Client Management Suite

I have a current scenario that requires the communication of clients from outside the internal network and also have communications from the same client on the inside. How do you configure this to be secure and easy to maintain? I am currently seeking everyone else's thoughts on design and risks attributed to the use of a Notification Server in the DMZ and/or possibly the use of a reverse proxy. Also, I would like to know how you handle client computers requiring patch, inventory, and software delivery in this scenario. Keep in mind that I am currently looking at everyone's thoughts for Altiris 7.0 specifically. I know that the issues are fewer on 7.1 but I currently do not have the option to upgrade and will need to make these changes on version 7.0.

 

Thanks everyone!!!

You'll need to have an NS in the DMZ.  Configure it to use SSL.  Obtain a cert and install it.  If it's self-signed, install it on each client using GPO.  Specify the alternate URL as the internet-accessible FQDN of the NS in the DMZ using SSL.

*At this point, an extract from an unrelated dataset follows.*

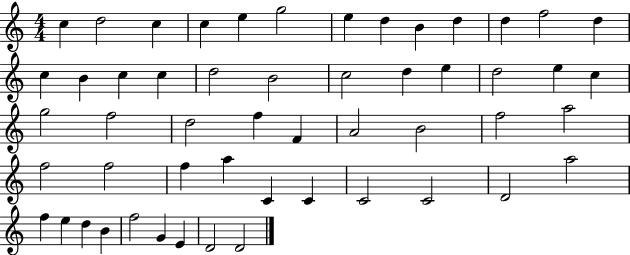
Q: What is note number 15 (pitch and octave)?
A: B4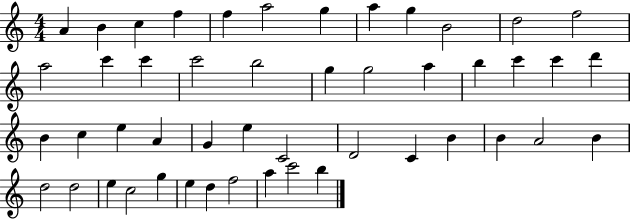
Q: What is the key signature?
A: C major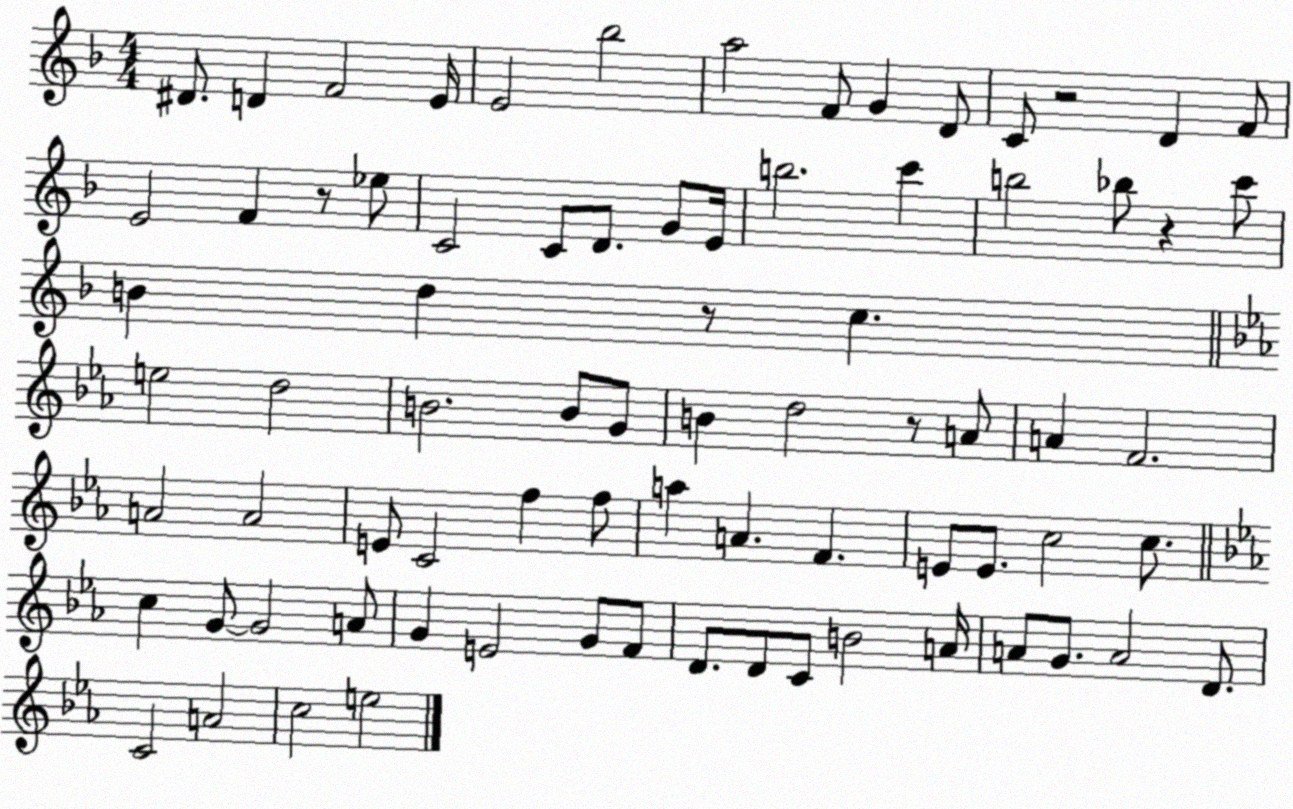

I'd definitely start with an HTTP server in test and a handful of clients, doing the entire process and becoming familiar with it, before attempting the same in production.  I would keep your existing NS using HTTP for provisioning internal systems and for then redirecting them to use your SSL NS in the DMZ.  The clients will either be HTTP with your internal NS or HTTPS using your NS in the DMZ, but this setup won't give you location awareness.

http://www.symantec.com/business/support/index?page=content&id=HOWTO53002

http://www.symantec.com/docs/DOC1240

I should also mention that the option to use ssl could be an issue as the system has about 10,000 nodes with a single NS. I have read about the overhead that ssl can bring to the mix. I have gone down this path and it seems that the organization is more hesitant to make such a major change to the environment. Currently the options I have been presented with are the use of a NS in the DMZ and/or use of a reverse proxy. I also have encountered issues with task services when you use such configurations.. I have a site server lined up to use in the DMZ but not sure how to get the client to talk to task services Any thoughts?

Since two years, Symantec have put an Internet SMP Gateway on their sources and hide his usage.

I don't know why, but if anyone have some informations about this....

Search for Internet on your console and have a look on NSCAP\bin\Win32\x86\SMP Internet Gateway

 

I want to test it, but i have no time to do this (and without any idea of how it works)

 

Also you should note that deployment is not fully supported in ssl environment. We have found out that by default WinPE images are not working as intented in SSL environment. This can be fixrd but needs some customization and ongoing maintenance.

Symantec has said to fix this in near future (early next year).

Dear friends,

 

I have having same scenario and am using SMP 7.1 . Can any one suggest  what is the process so that I can make the connectivty for the client those are not in Intranet. I know DMZ can solve the issue but i wanted to know how it works and what i need to configure at both NS and Clients.

 

Thanks in Advance,

 

Pravash Sahu

I had the same idea but encounter several issues. Symantec mentioned that currently this option was not available. They are currenlty working to get a product out for this same issue. The only issue I find with this is that the SMP Gateway will be made only compatible with version 7.1. I had the same though but could not get it to activate. The alternative to this I found was possibly using a reverse proxy in the DMZ. I went down this path and it seems logical but much testing is required. 

The documents above are most of what exists on the topic.